Ayat (2) Pengadilan baru berwenang memeriksa, memutus, dan menyelesaikan sengketa Tata Usaha Negara sebagaimana dimaksud dalam ayat (1) jika seluruh upaya administratif yang bersangkutan telah digunakan

Maksud substansi pada pasal 48 ayat 1 yaitu Keputusan Tata Usaha Negara harus diterbitkan terlebih dahulu, sebagai “objek sengketa”. Dan pada ayat 2 diterangkan, objek sengketa, baru kemudian dapat didaftarkan ke Pengadilan TUN, sehingga penjelasan pada pasal 48 ayat 1 dan ayat 2 dapat dimaknai “keputusan TUN atau objek sengketa” yang dikeluarkan pejabat berwenang wajib dikeluarkan terlebih dahulu.

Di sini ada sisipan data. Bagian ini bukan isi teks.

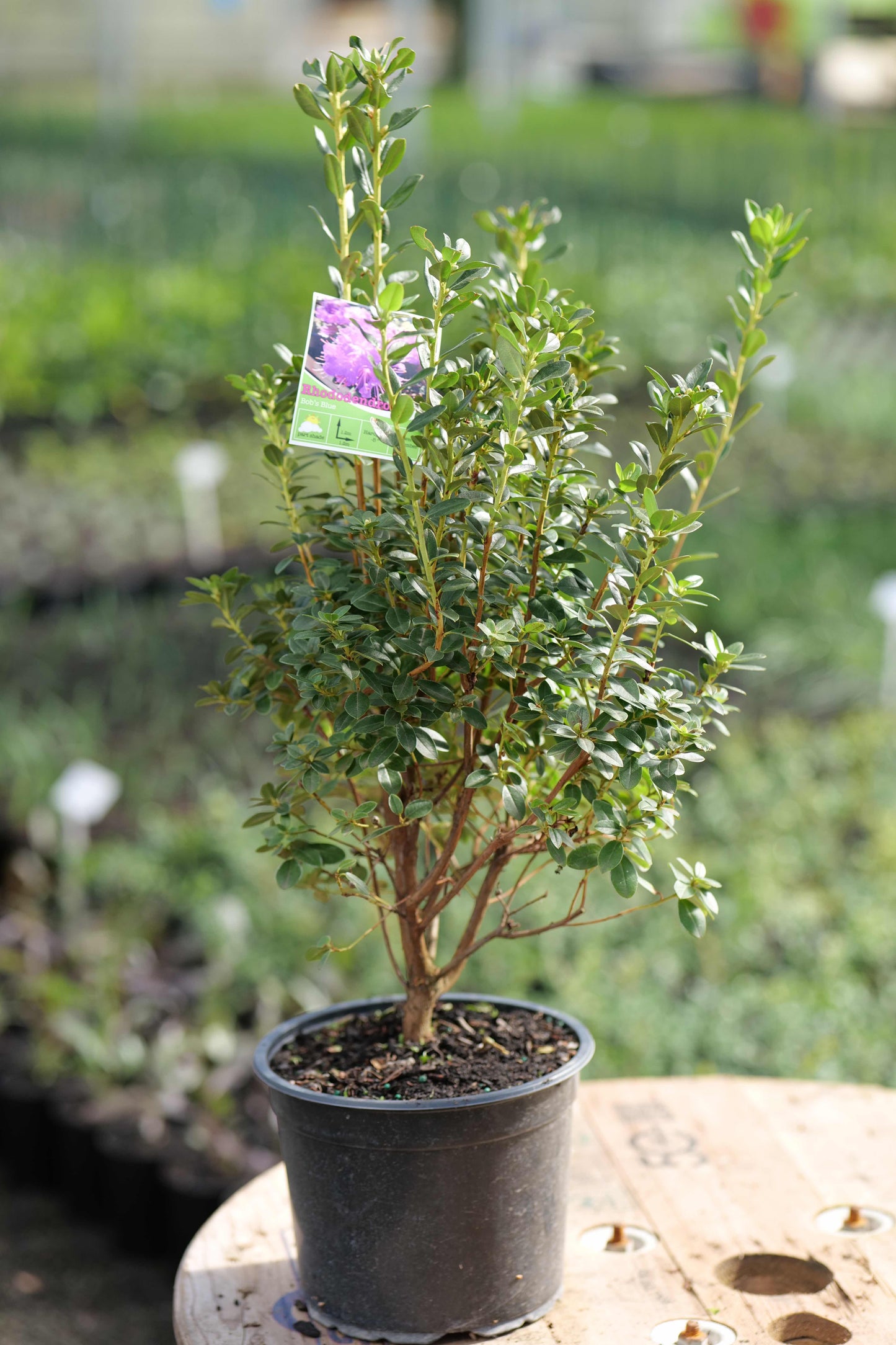 Rhododendron Bob’s Blue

Penghitungan bahwa telah terjadi sengketa atau perselisihan juga tidak berlaku bagi proses gugatan baik perdata dan pidana hal tersebut sesuai dengan substansi pelaksanaan UU Nomor 30 Tahun 2014 Tentang Administrasi Pemerintahan bersifat “Peraturan Undang- Undang yang Baru Mengenyampingkan / Menghapus Berlakunya Ketentuan UU yang lama yang mengatur materi hukum yang sama” (Lex Post Teriori Derogat Legi Priori), sehingga pelaksanaan Gugatan baik Perdata dan Pidana wajib menunggu proses Pelaksanaan UU Nomor 30 Tahun 2014 Tentang Administrasi Pemerintahan selesai dalam hal ini menunggu hasil keputusan akhir dari perselisihan atau sengketa di Peradilan TUN.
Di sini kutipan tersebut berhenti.